BEGIN Recorded data

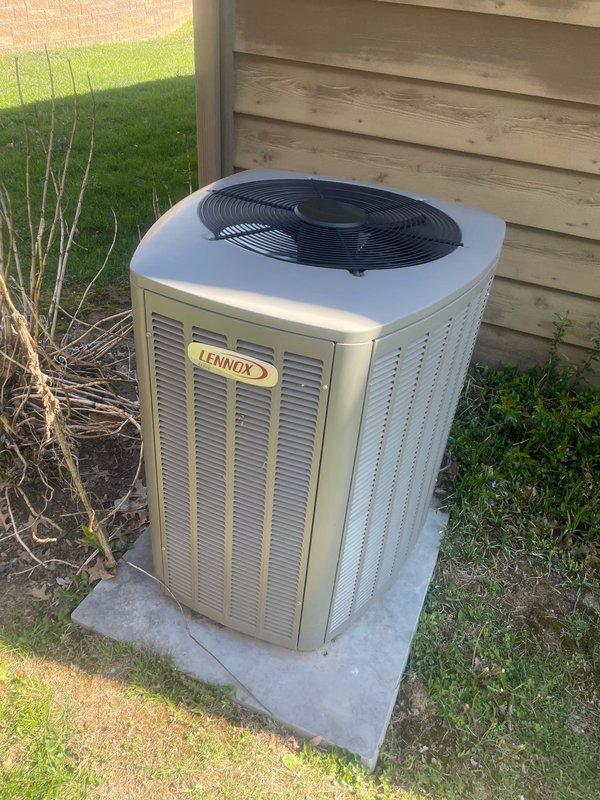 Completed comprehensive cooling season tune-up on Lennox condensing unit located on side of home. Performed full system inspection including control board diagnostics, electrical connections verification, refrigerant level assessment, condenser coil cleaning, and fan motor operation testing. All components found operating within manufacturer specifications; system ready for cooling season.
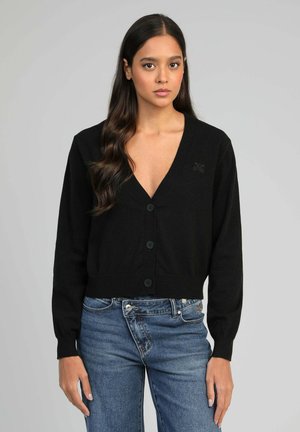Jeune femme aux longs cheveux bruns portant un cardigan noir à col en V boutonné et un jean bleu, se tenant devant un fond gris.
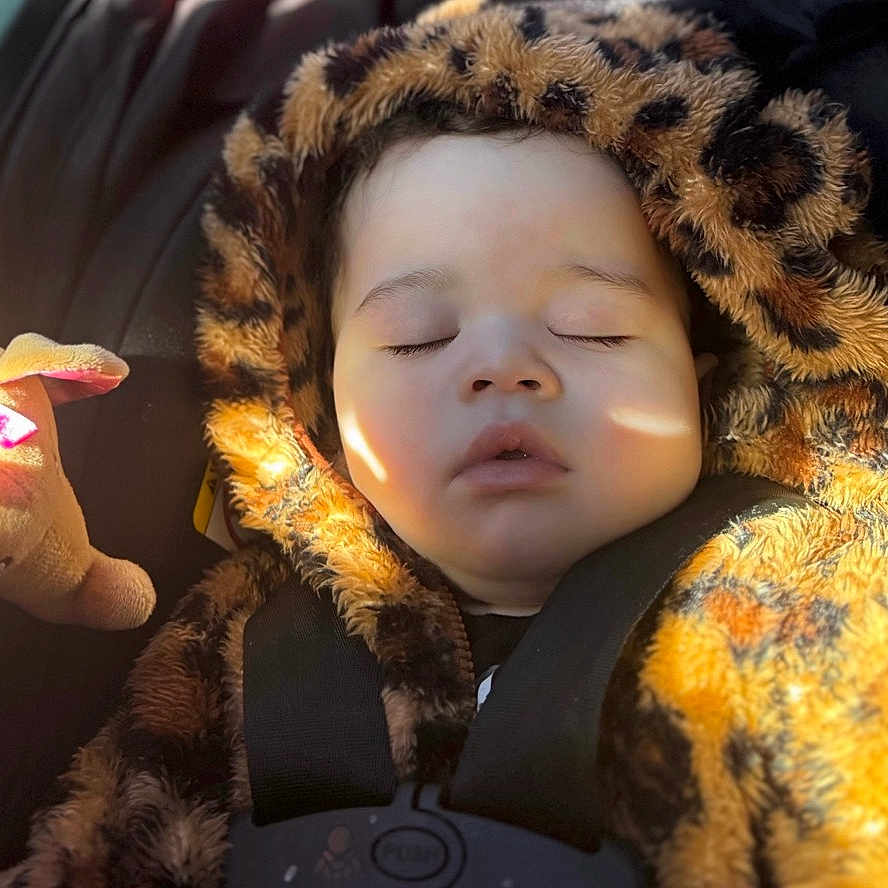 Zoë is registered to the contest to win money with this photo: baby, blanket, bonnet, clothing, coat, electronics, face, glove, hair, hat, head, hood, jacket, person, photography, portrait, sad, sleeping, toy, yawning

END Recorded data
BEGIN Recorded data

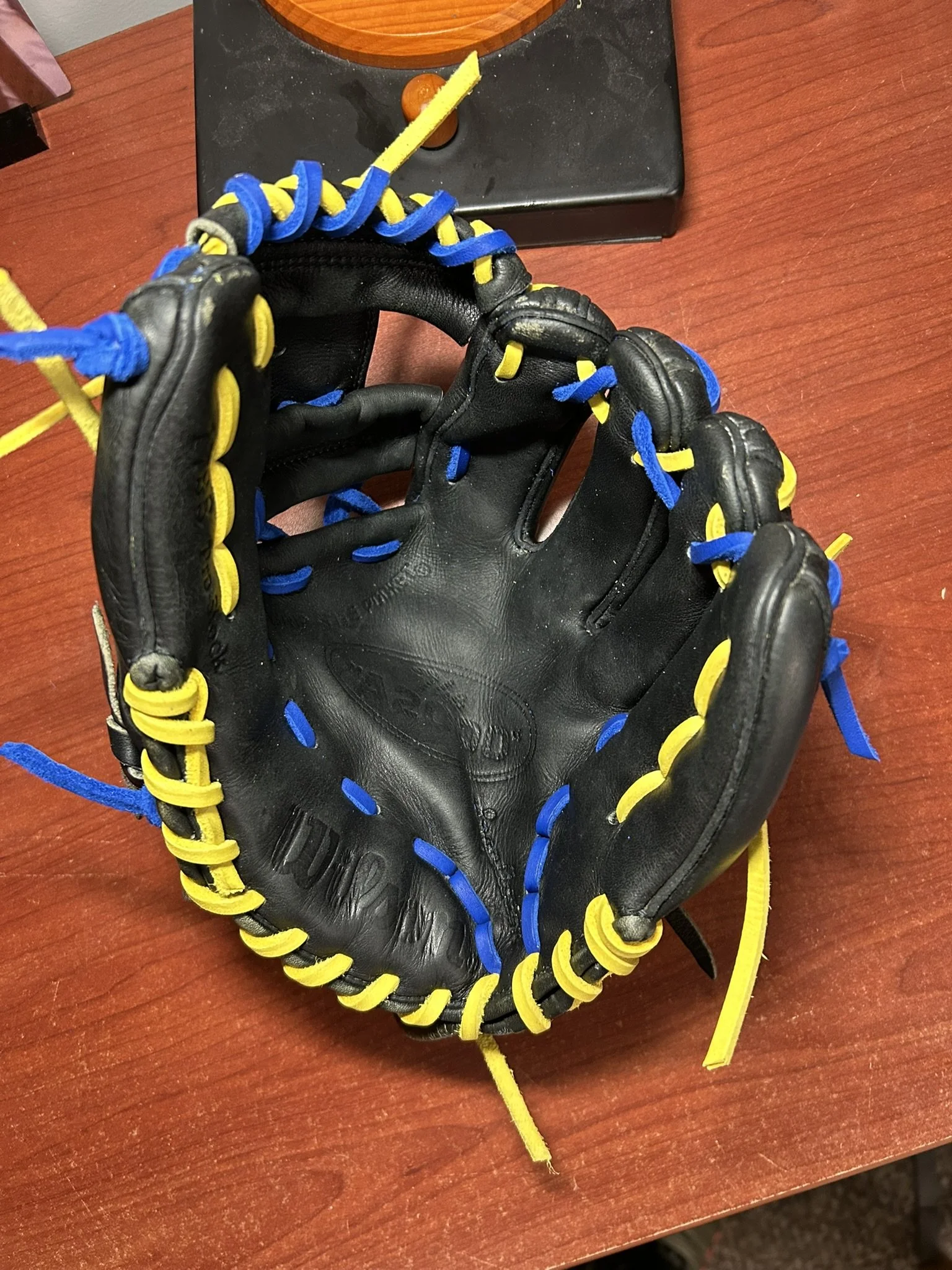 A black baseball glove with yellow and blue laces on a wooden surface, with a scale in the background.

END Recorded data
BEGIN Recorded data

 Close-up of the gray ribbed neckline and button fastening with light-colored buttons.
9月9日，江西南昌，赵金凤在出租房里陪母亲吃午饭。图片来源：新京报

END Recorded data

Reproduce the listing above exactly from the line containing "Completed comprehensive cooling" up to and including the line containing "Zoë is registered", omitting any images and everything outside those lines.

 Completed comprehensive cooling season tune-up on Lennox condensing unit located on side of home. Performed full system inspection including control board diagnostics, electrical connections verification, refrigerant level assessment, condenser coil cleaning, and fan motor operation testing. All components found operating within manufacturer specifications; system ready for cooling season.
Jeune femme aux longs cheveux bruns portant un cardigan noir à col en V boutonné et un jean bleu, se tenant devant un fond gris.
 Zoë is registered to the contest to win money with this photo: baby, blanket, bonnet, clothing, coat, electronics, face, glove, hair, hat, head, hood, jacket, person, photography, portrait, sad, sleeping, toy, yawning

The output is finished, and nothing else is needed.